The effects of Stalin's collectivization resulted in mass disruption of agricultural productivity and incalculable human losses. The decision to collectivize the farming sector had its origins in the grain crisis of 1928. Private traders offered better grain prices than the government did. It was calculated that the prices of agricultural products in private trade, which in 1927 - 1928 exceeded the official prices by about 40 per cent, were almost double the official prices in the following year. Due to the increase in private trade, the government began providing bread cards to workers only. Stalin realized a new system had to be devised in order to protect the governments interests.

One problem that was suppose to be solved through the Five-Year Plan was the methods of farming. Only two methods of farming were recognized in the Plan, the state farms and the co-operative farms. The state farm, also known as solkhozes, contained the state-employed peasants, whose produce was directly destined for the State. The co-operative farms, otherwise known as kolkhozes, were where the peasants held in common their land, their livestock, their agricultural implements and their work. Stalin's belief in the kolkhozes and solkhozys increased when he discovered that the marketing potential was four times greater that that of private peasants.

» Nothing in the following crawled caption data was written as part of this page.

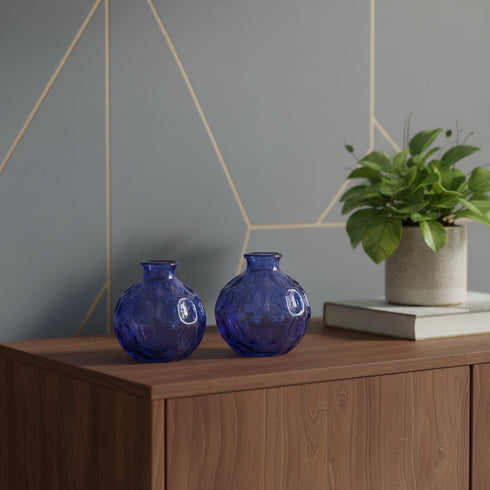 Set of Two Blue Glass Round Table Vases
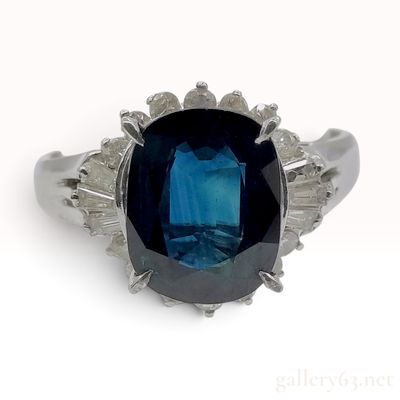Sale Photo Thumbnail #215: Platinum 2.92 Carat Blue Sapphire and Diamond Cluster Cocktail Ring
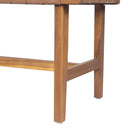 Stylish Acacia Wood Bedroom Bench with Woven PU Leather Seat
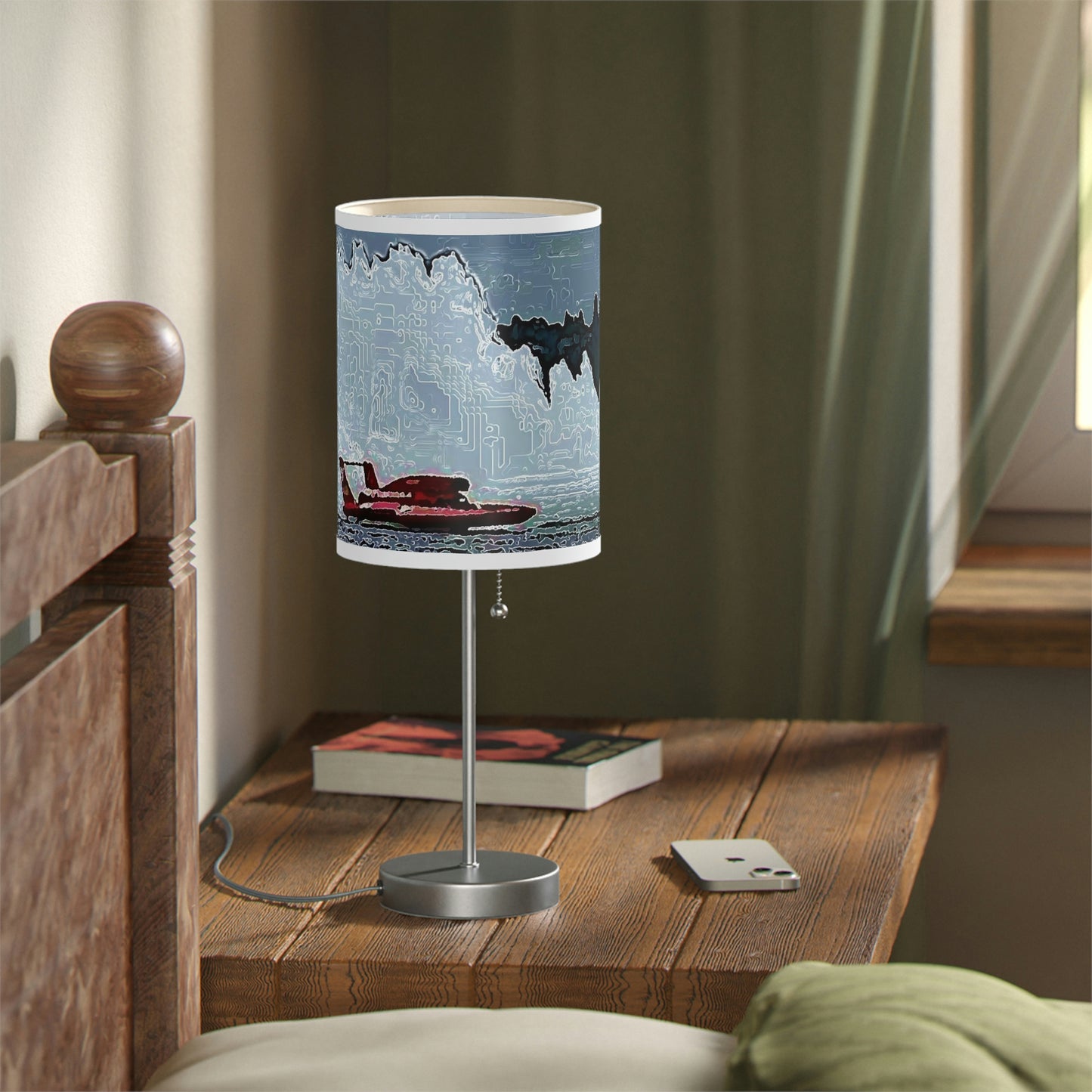 Lamp on a Stand, US|CA plug ... Seattle Columbia Cup On Lake Washington ... "Dave Wilcox Heads For The Win" ... Associate Gift-Photo ... Original Works ...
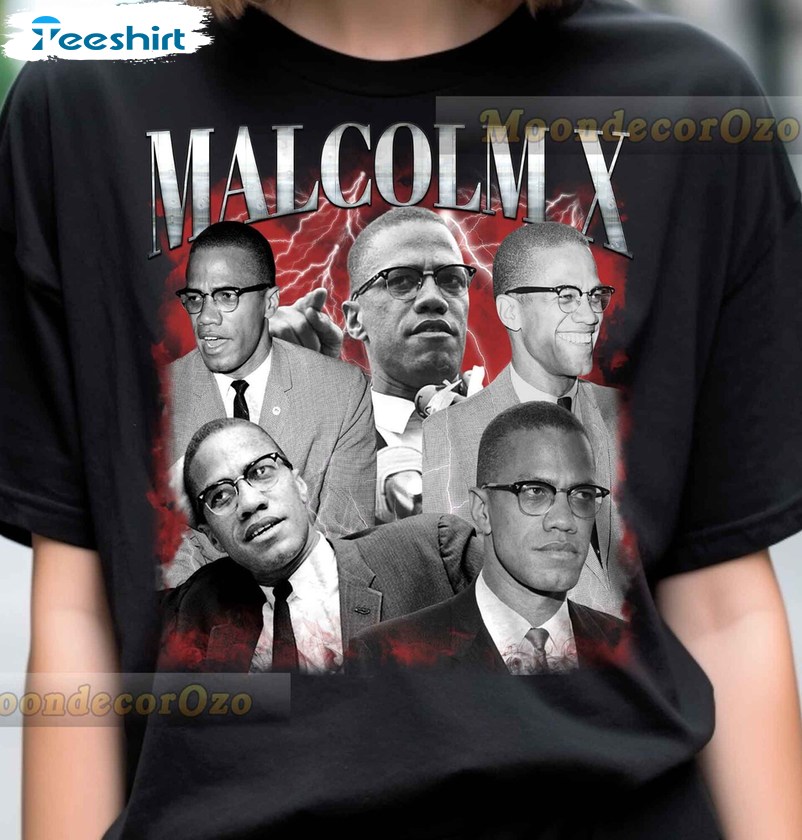 Funny Rock Style Unisex Hoodie, New Rare Malcolm X T Shirt Long Sleeve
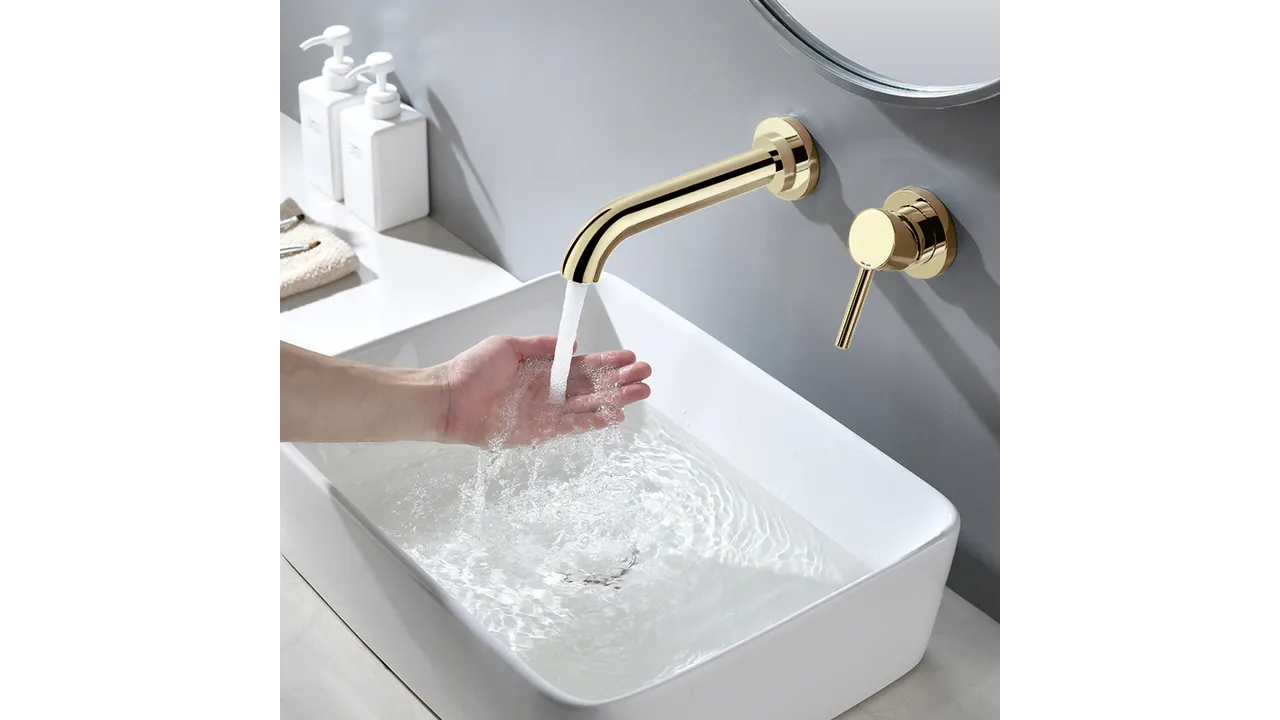 Baterie chiuvetă culoare auriu înălțime 11 cm material alamă model Lungo Long Gold [3]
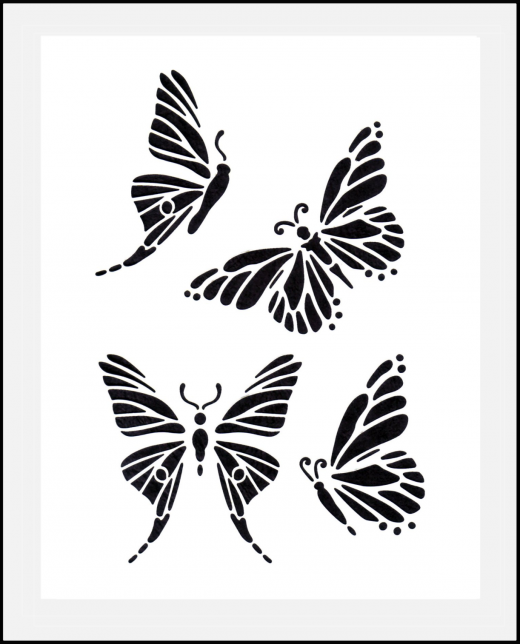 Schmetterlinge ●  Motiv-Schablone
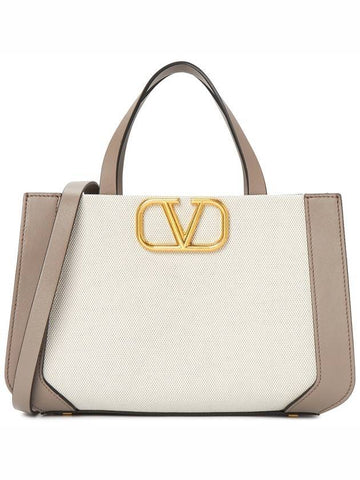 Signature V Logo Bicolor Tote Bag Grey - VALENTINO - BALAAN 1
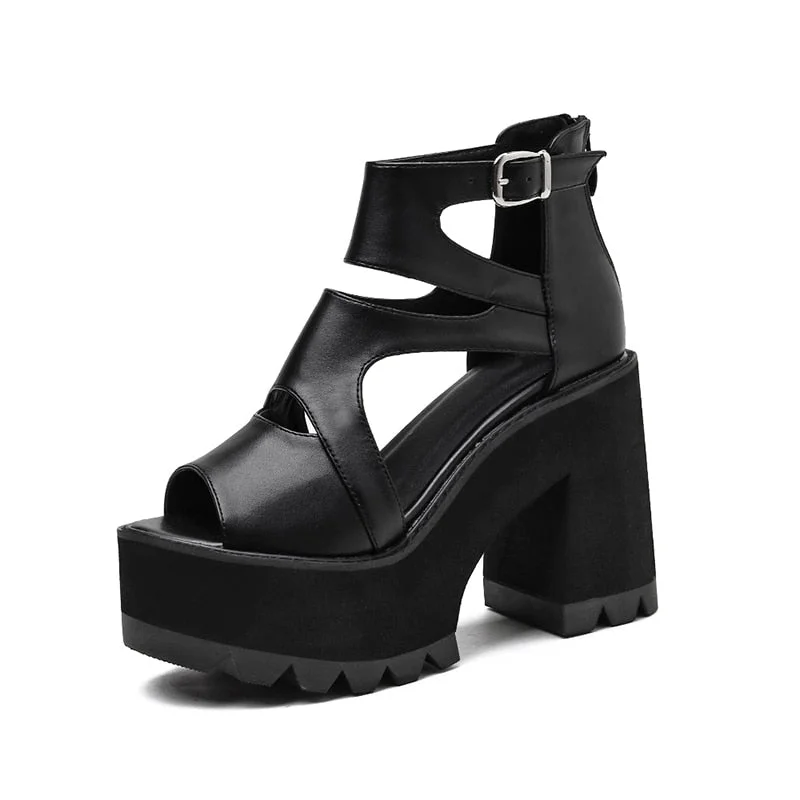 Gdgydh 2021 Women Sandals Soft Leather PU High Squre Heel Sandals Black Thick Platform Shoes Female Open Toe Party wedding Shoes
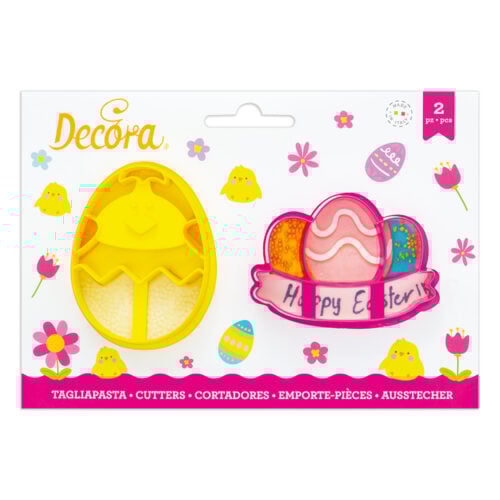 Set 2 tagliapasta Pasqua Pulcino e Uova Decora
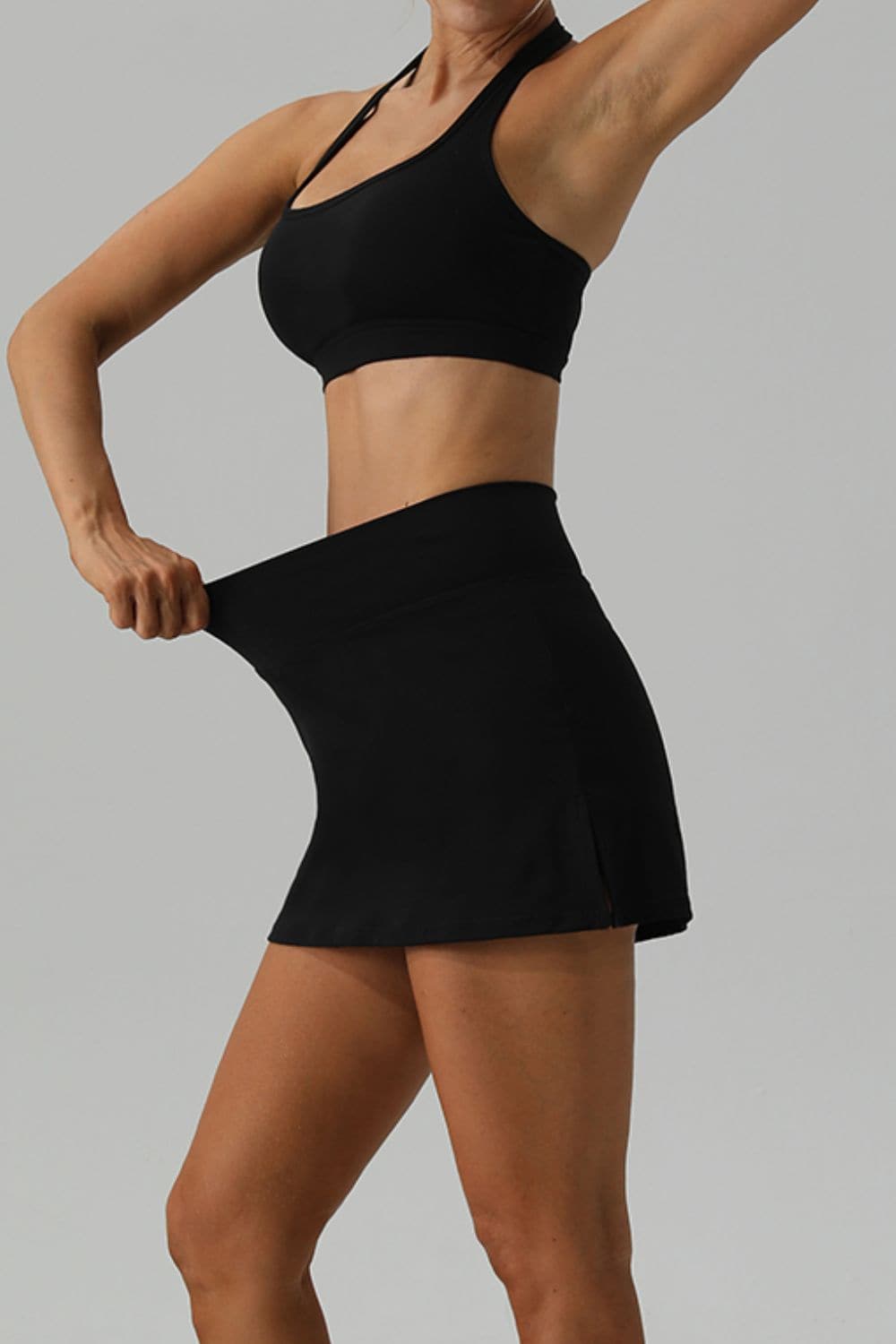 Halter Neck Tank and Slit Skirt Active Set.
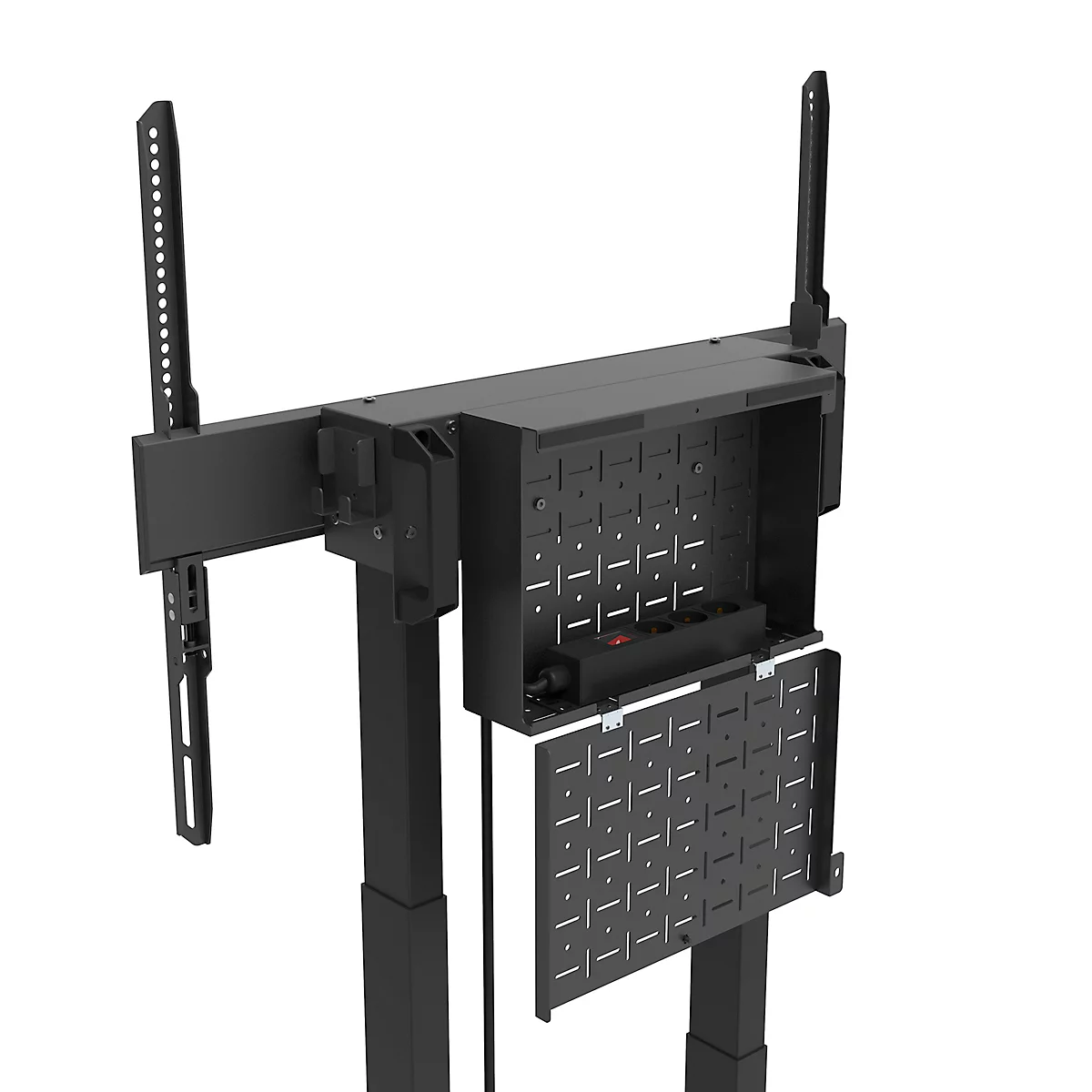 Zwarte, in hoogte verstelbare tv-standaard met open achterkant en montagebeugels.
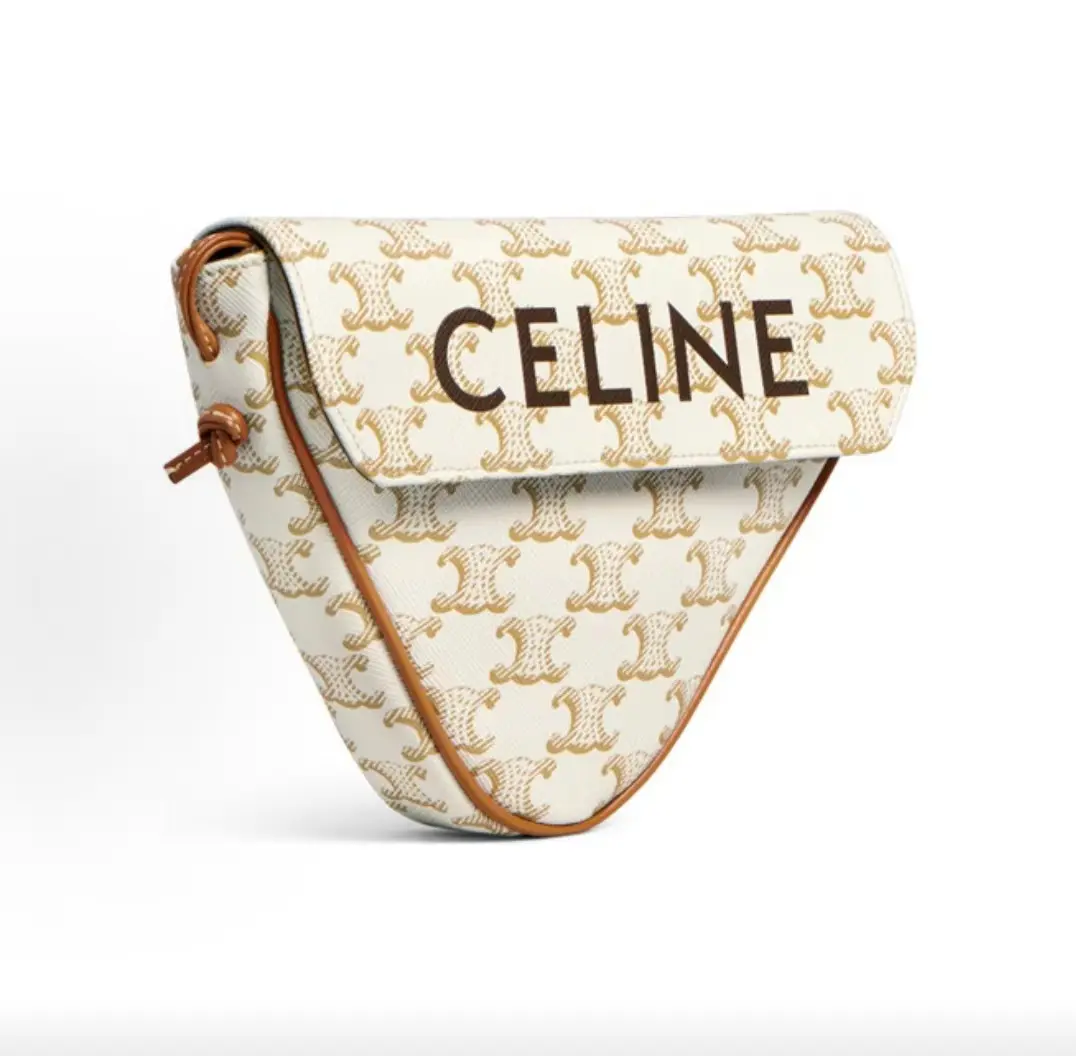 Pre-owned Celine Triomphe Vintage Triangle Shoulder Bag Triomphe Logo Canvas & Calfskin Crossbody Bag Women White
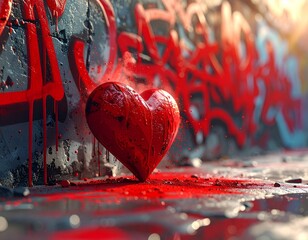 Czerwone serce na tle ściany z czerwonymi, chaotycznymi napisami w stylu graffiti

He set a quantitative target that the state should have 250 million pounds of grain at its disposal at any given time. The collectivized farms were also used to ensure that the farmers would sell the grain, Sovkhozy, kolkhoz y and contracts signed with peasants associations would produce this quantity, and the state would thus be able to supply the key sectors of the economy and the army, and to operate on the national (and international) markets, thereby forcing the peasants to sell their surpluses to the state because of competition due to the reserves it had in hand. Soon after the goals were set in the Five-Year Plan the collectivization began with force. In order to begin collectivization Stalin needed equipment and livestock. He looked toward the kulaks for the equipment and livestock because they were the wealthier peasants. Word went out that the kulaks, ie. , the most successful peasants and all other recalcitrant peasants who sided with them, were to be liquidated as a class Much hostility was felt between the government and the kulaks when the collectivization process began, but bitterness between the kulaks and the government began years before collectivization.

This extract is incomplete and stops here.